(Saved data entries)

----------

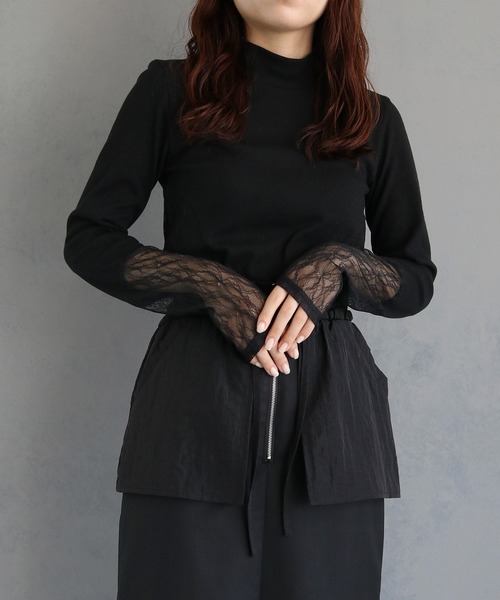 &g'aime(アンジェム)の「【&g’aime】レース切替リブトップス LACE DOCKING RIB TOPS(Tシャツ/カットソー・レディース・ブラック・FREE)」の1枚目の写真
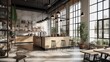 © Georgii - Loft style modern coffee shop interior. Gray concrete walls and floors, wooden tables and chairs, open shelves, pendant lights and green plants, huge windows. Hipster lifestyle concept. Generative AI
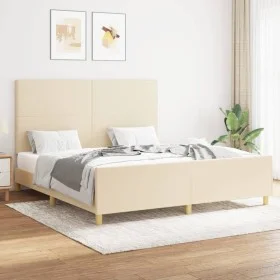Bed frame with cream fabric headboard 160x200 cm by vidaXL, Beds and slatted bases - Ref: Foro24-3124908, Price: 228,75 €, Di...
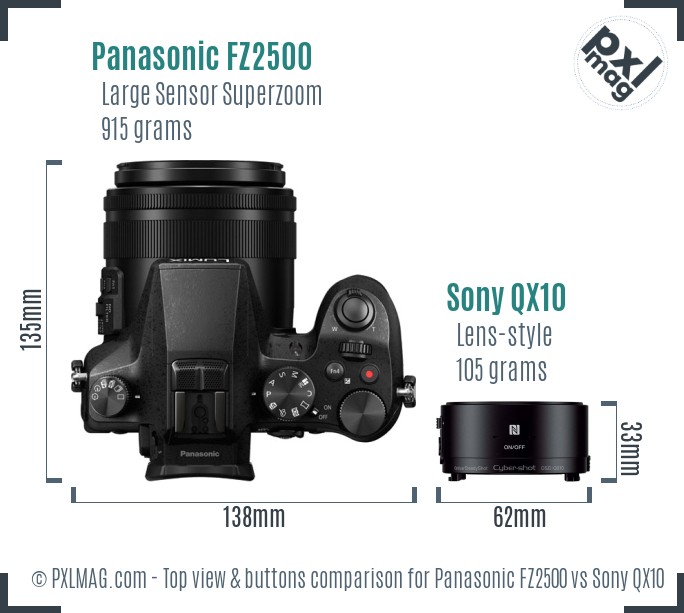 Panasonic FZ2500 vs Sony QX10 top view buttons comparison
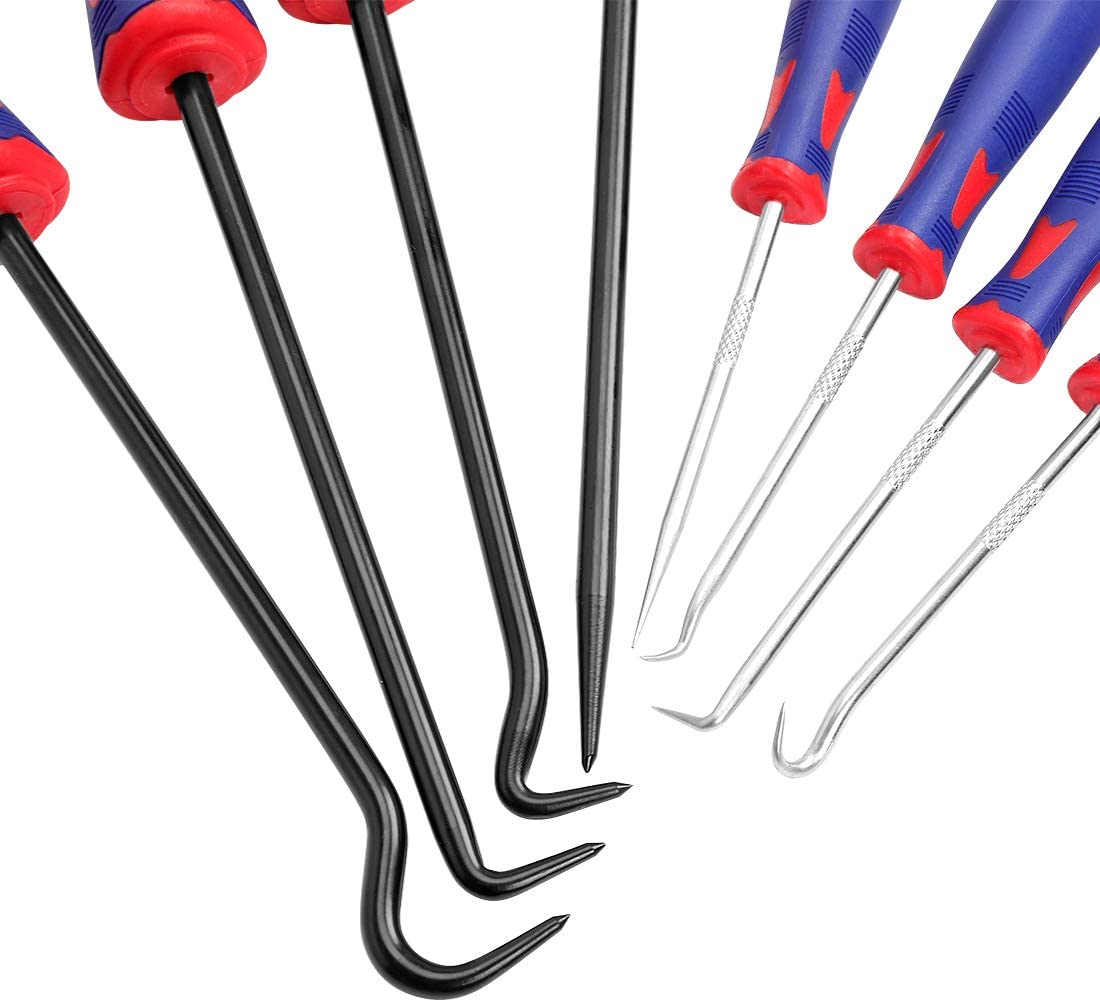 Precision pick and hook tools with blue/red handles and black curved tips, close-up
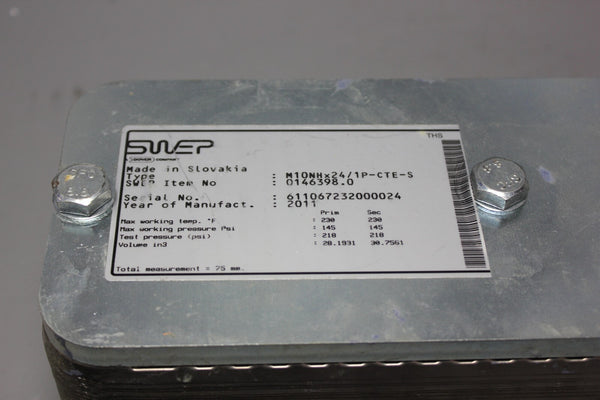 SWEP M10NHx24/1P-CTE-S PLATE HEAT EXCHANGER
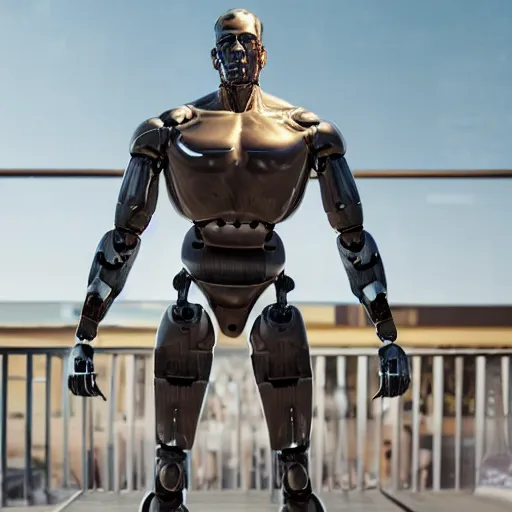 Image similar to a realistic detailed photo of a guy who is an attractive humanoid who is half robot and half humanoid, who is a male android, wrestler john cena, shiny skin, posing like a statue, blank stare, by the pool, on display, showing off his muscles, humanoid robot, frozen ice statue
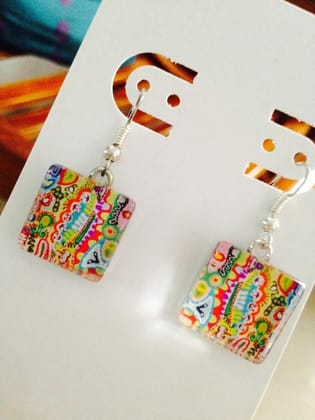 Fresco Square Glass Earrings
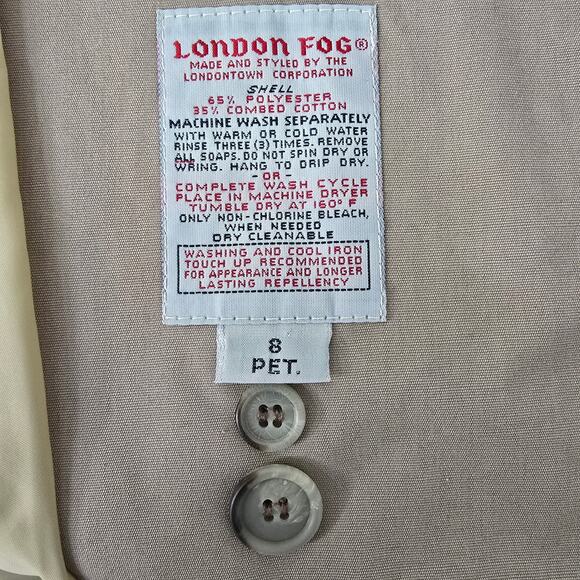 Vintage London Fog Iconic Trench Coat 8 Pet Double Breasted Belted Union Made 8P - Picture 10 of 12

----------

WHAT IS EXPECTED
The expected output is the full data above, reproduced exactly with no images.

TASK SOLUTION
 &g'aime(アンジェム)の「【&g’aime】レース切替リブトップス LACE DOCKING RIB TOPS(Tシャツ/カットソー・レディース・ブラック・FREE)」の1枚目の写真
 © Georgii - Loft style modern coffee shop interior. Gray concrete walls and floors, wooden tables and chairs, open shelves, pendant lights and green plants, huge windows. Hipster lifestyle concept. Generative AI
Bed frame with cream fabric headboard 160x200 cm by vidaXL, Beds and slatted bases - Ref: Foro24-3124908, Price: 228,75 €, Di...
 Panasonic FZ2500 vs Sony QX10 top view buttons comparison
 Precision pick and hook tools with blue/red handles and black curved tips, close-up
 SWEP M10NHx24/1P-CTE-S PLATE HEAT EXCHANGER
 Image similar to a realistic detailed photo of a guy who is an attractive humanoid who is half robot and half humanoid, who is a male android, wrestler john cena, shiny skin, posing like a statue, blank stare, by the pool, on display, showing off his muscles, humanoid robot, frozen ice statue
 Fresco Square Glass Earrings
 Vintage London Fog Iconic Trench Coat 8 Pet Double Breasted Belted Union Made 8P - Picture 10 of 12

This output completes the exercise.